It has been a harrowing month for rates traders, with 2-Year TSY yields blowing out by more than 17bps on two occasions in the past three weeks, representing two of the three biggest one-day selloffs since 2009 driven by the Fed’s historic hawkish pivot which now sees at least one rate hike on every FOMC meeting for the rest of 2022 and with banks such as Goldman and Morgan Stanley expecting two 50bps rate hikes in May and June.
The unprecedented liquidation in the front-end has led to a massive pile up of shorts in bills and 2Y notes. As Curvature’s Scott Skyrm notes overnight, the market sell-off led to massive short positions across the short-end of the curve (as a reminder, when investors short the market they need to physically have possession of the securities to do so; if they don’t own the securities, they have to borrow them and for Treasuries they do so in the repo market, where the greater the negative repo rate on a given Treasury, the stronger the shorting pressure is). As shown in the chart below, two bills and 2 Year Note are trading at or below the Fail Charge (-2.75%); bills maturing on 6/23 averaged at -2.55% on Tuesday and -3.10% yesterday, while year bills (2/23/23) averaged at -3.20% two days ago and -0.95% on Wednesday, and even July 12 bills trading slightly Special averaging at -0.50% yesterday.

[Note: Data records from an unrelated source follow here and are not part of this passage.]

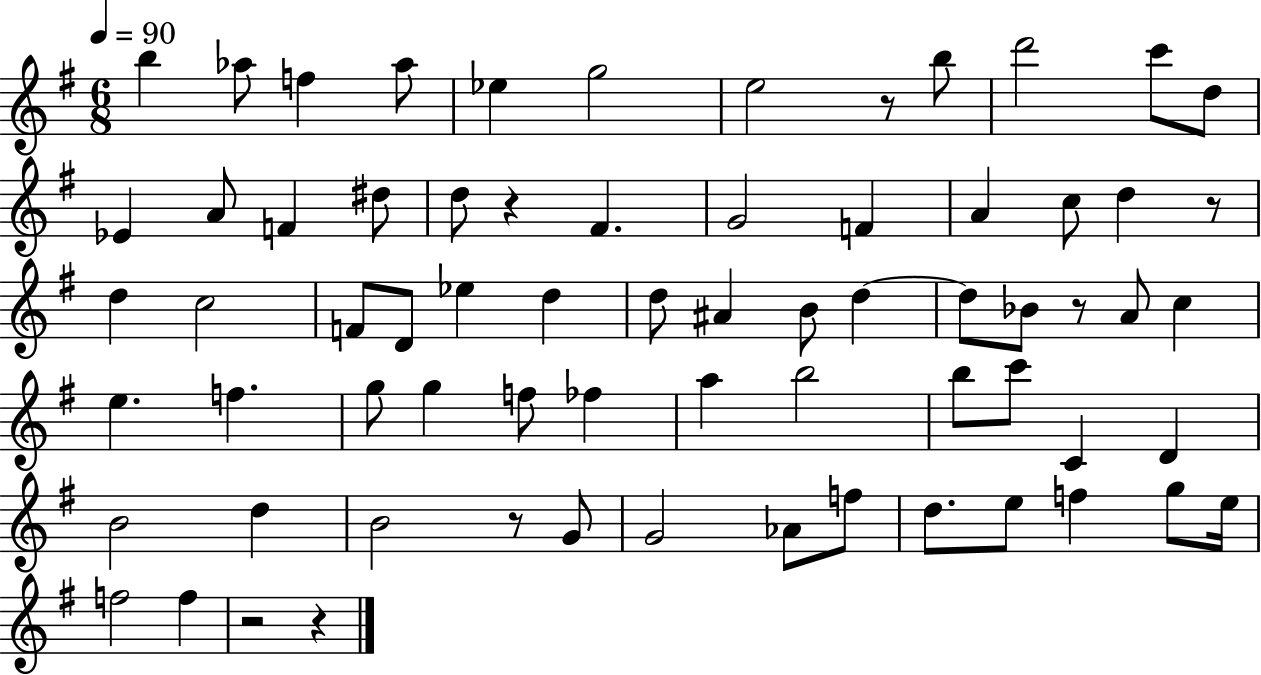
{
  \clef treble
  \numericTimeSignature
  \time 6/8
  \key g \major
  \tempo 4 = 90
  \repeat volta 2 { b''4 aes''8 f''4 aes''8 | ees''4 g''2 | e''2 r8 b''8 | d'''2 c'''8 d''8 | \break ees'4 a'8 f'4 dis''8 | d''8 r4 fis'4. | g'2 f'4 | a'4 c''8 d''4 r8 | \break d''4 c''2 | f'8 d'8 ees''4 d''4 | d''8 ais'4 b'8 d''4~~ | d''8 bes'8 r8 a'8 c''4 | \break e''4. f''4. | g''8 g''4 f''8 fes''4 | a''4 b''2 | b''8 c'''8 c'4 d'4 | \break b'2 d''4 | b'2 r8 g'8 | g'2 aes'8 f''8 | d''8. e''8 f''4 g''8 e''16 | \break f''2 f''4 | r2 r4 | } \bar "|."
}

Worse, 2 Year Notes were clearing over the past few days, but some failed yesterday, closing at -3.00% amid an unprecedented front-end shorting frenzy. Why would someone cover a short below the Fail Charge, Skyrm asks rhetorically and answers that “some firms have internal rules that require their Repo traders to cover, no matter what the rate is!”

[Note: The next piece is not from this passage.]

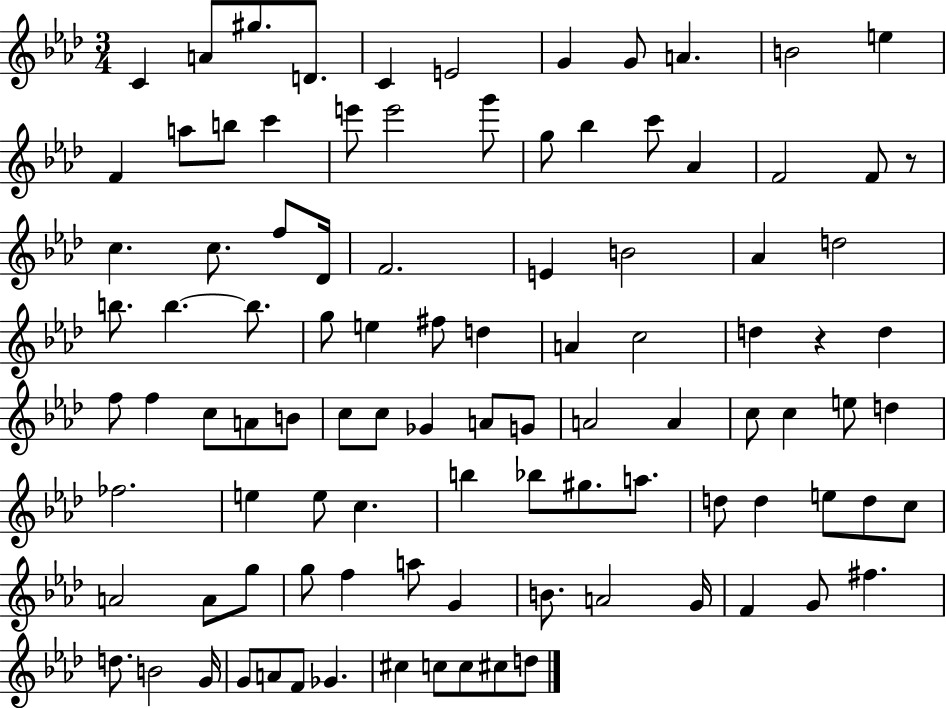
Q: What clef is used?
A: treble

So as an epic pile up of shorts keep accumulating and pushing 2Y yields ever higher, so high that even Goldman now expects the 2s10s to invert as soon as next quarter when the 2Y hits 2.60%…

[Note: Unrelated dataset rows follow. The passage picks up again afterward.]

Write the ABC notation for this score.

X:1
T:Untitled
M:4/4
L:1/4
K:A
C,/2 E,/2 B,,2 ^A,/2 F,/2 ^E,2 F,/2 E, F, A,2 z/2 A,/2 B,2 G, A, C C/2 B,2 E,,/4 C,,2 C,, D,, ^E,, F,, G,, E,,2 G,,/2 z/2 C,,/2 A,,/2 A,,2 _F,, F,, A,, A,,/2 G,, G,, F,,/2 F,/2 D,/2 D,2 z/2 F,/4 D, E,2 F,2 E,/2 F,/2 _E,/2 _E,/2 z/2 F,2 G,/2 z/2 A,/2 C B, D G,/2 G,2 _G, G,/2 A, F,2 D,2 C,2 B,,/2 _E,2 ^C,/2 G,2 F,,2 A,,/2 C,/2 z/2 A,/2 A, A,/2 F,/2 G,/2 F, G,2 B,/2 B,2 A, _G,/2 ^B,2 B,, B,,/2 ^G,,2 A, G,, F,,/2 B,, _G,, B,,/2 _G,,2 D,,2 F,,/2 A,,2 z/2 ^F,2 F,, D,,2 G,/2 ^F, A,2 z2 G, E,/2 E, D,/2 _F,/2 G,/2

… some are taking the other side, and in a note published overnight from Bloomberg’s Ven Ram, the Markets Live commentator writes that “we may be fast approaching its zenith for this year as bond traders are probably in the last lap of pricing the Federal Reserve’s intent to raise rates aggressively.”
According to Ram’s calculations, two-year yields have surged about 145 basis points this quarter, roughly equivalent to about 205 basis points of Fed tightening based on historical correlations. And with the Fed’s dot plot pointing to about 10 hikes between this year and next, the two-year yield may reach a peak at 2.51% and settle around a 2.18%-2.26% range
In an outlier scenario, it is conceivable that two-year yields go higher than the peak mentioned if the markets price in tightening on a scale seen in 1994. That cycle is “the best analogy” to what the Fed aims to do now, Federal Reserve Bank of St. Louis President James Bullard said this week. Back then, the monetary authority doubled its benchmark to 6% in just more than a year.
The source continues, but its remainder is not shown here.